A US museum has returned a batch of royal regalia to Ghana that was looted by British colonial soldiers 150 years ago, marking the first major return of stolen artifacts to the West African nation.
The Fowler Museum at the University of California, Los Angeles said that the items, all royal objects from the Asante Kingdom, were purchased by a US collector and donated to the museum after his death.
Representatives of the museum handed them over to Asante king, Otumfuo Osei Tutu II, in the city of Kumasi on Thursday.
Photo: AP
The move comes amid growing demand for the repatriation of priceless objects appropriated in colonial times.
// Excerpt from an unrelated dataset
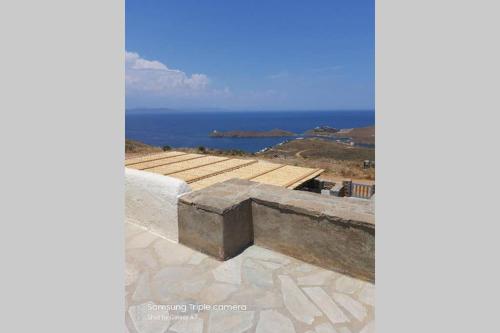 a view of the ocean from a building at starryhouse in Fotimárion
Nigeria and Ethiopia are among a number of countries seeking repatriation.
The items returned by the Fowler Museum include an elephant tail whisk, two royal stool ornaments, a royal necklace, two strands of beads and an ornamental chair.
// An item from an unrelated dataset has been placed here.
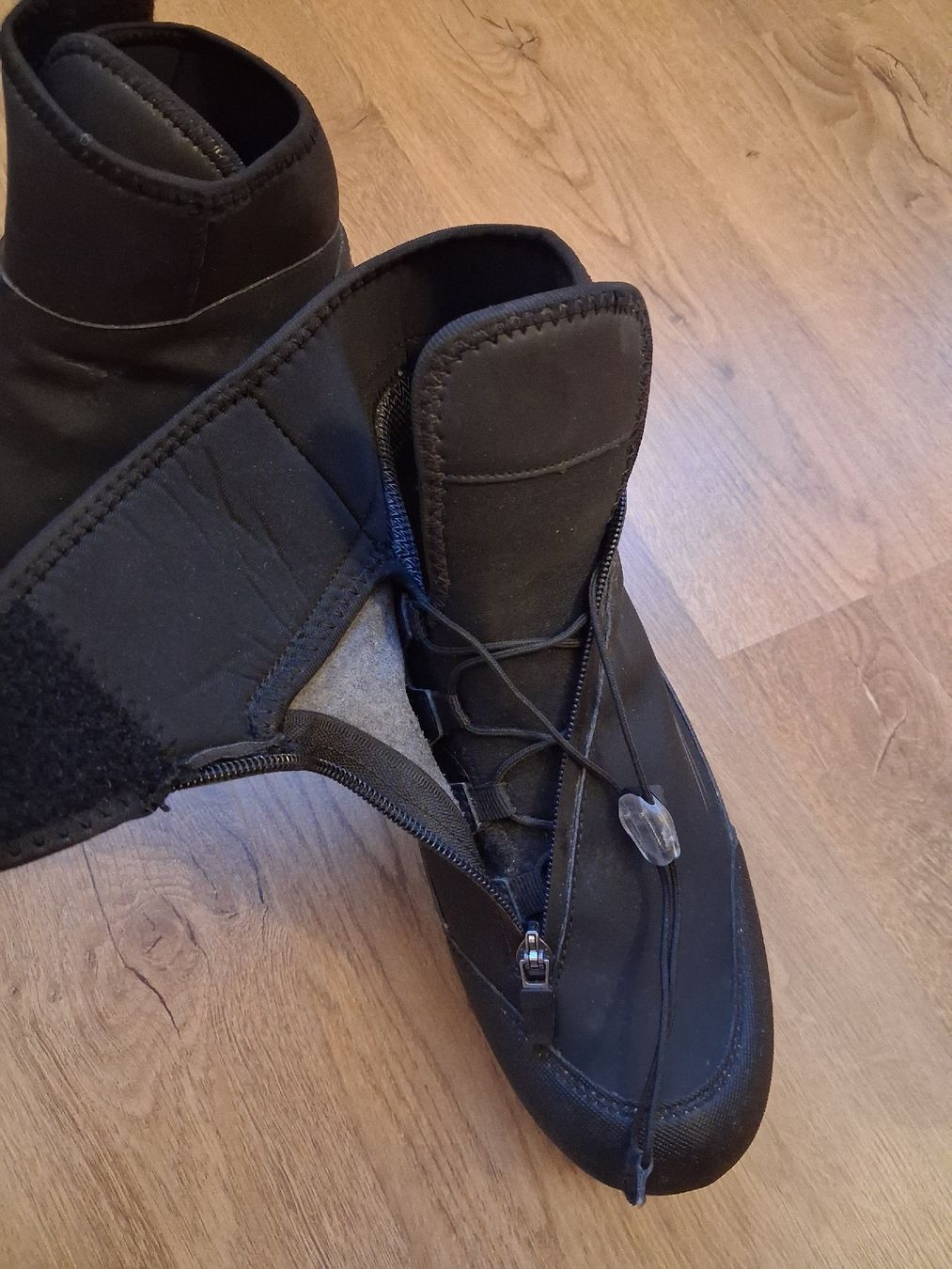 Scarpe da uomo: Fahrradschuhe Winter – Usato da Zürich venduto da slowflo 1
Four of them were taking during the 1874 sacking of Kumasi, and three were part of an indemnity payment later made by the Asante Kingdom to the British, the museum said.
Photo: AP
“These are objects that connect the present to the past ... the very essence of a civilization,” said Ivor Agyemang Duah, director of the Asante royal museum.
University of Ghana historian Kwaku Darko Ankrah said the return was important for Ghana, but expressed hope that it would also trigger a conversation about how the Asantes came by the items.
“Looting was also one major trait of the Asantes at the height of their supremacy and there is historical evidence of things they looted from other tribes they fought” across Ghana, he said.
Ankrah wants returned items to be identified and the original owners found.
“They [the original owners] also have equitable rights to those items. If they are not identifiable but the Asantes agree they are looted treasures, then the artifacts should become national treasures of Ghana,” he said.